Zabiuddin Ansari alias Abu Jundal alias Abu Hamza, a key accused in the November 2008 Mumbai terrorist attack case, in which 166 people were killed, has admitted his role. However, he refuses to give information about the involvement of Pakistan’s state agencies, say investigators.

Ansari has admitted his role in the Nariman House attack and acknowledged he was constantly talking to the terrorists during the attack, investigators said.

“We have matched his voice sample from the recorded conversation during the Mumbai attack. Though he is talking about his role in giving Hindi lessons to terrorists and identifying places in Mumbai, he is not ready to give information about involvement of ISI (Inter-Services Intelligence, the Pakistan government’s spy agency) in the attack,” said a senior official.

TALE OF TERROR
  • Zabiuddin Ansari was a resident of Beed district in central Maharashtra
  • He taught Hindi to the 10 Pakistani terrorists involved in the 26/11 attack
  • He had handled the Nariman House attack.
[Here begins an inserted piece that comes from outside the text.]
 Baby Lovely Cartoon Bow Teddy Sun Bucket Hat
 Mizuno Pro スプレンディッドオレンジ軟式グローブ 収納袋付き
His voice in the recorded conversations was identified by Ajmal Kasab
  • Initially, as part of SIMI, he had been to Kashmir and Nepal for arms training. He was indoctrinated after the 2002 Gujarat riots
  • Ansari was the main financier for terror activities and had conducted major recruitments for the Indian Mujahideen (IM) and acted as a link between the Laskhar-e-Taiba and IM
  • His first involvement as a key terrorist was in the Indian Institute of Science attack in 2005 at Bangalore
  • His involvement was also alleged when several automatic rifles, grenades, explosives and ammunition were found in Aurangabad, Maharashtra. He then fled India to evade arrest

Officials said the entire operation to track Ansari and bring him back to India was coordinated by the Intelligence Bureau. He was arrested at the Indira Gandhi International Airport, New Delhi, on June 21, when he arrived on a commercial plane, not on a special flight of the Research and Analysis Wing as reported earlier, they said.

Although the special cell of the Delhi Police arrested Ansari, the questioning is being done by IB sleuths, who want to extract information about his role in the Pakistan-based terror outfit, Lashkar-e-Taiba (LeT), and the involvement of Pakistani state actors in the attack.

Investigators are also finding it difficult to get information on the sleeper cells of LeT in India. Senior officials elaborate Ansari was a “more hardened terrorist”, whose main job was to identify and indoctrinate recruits.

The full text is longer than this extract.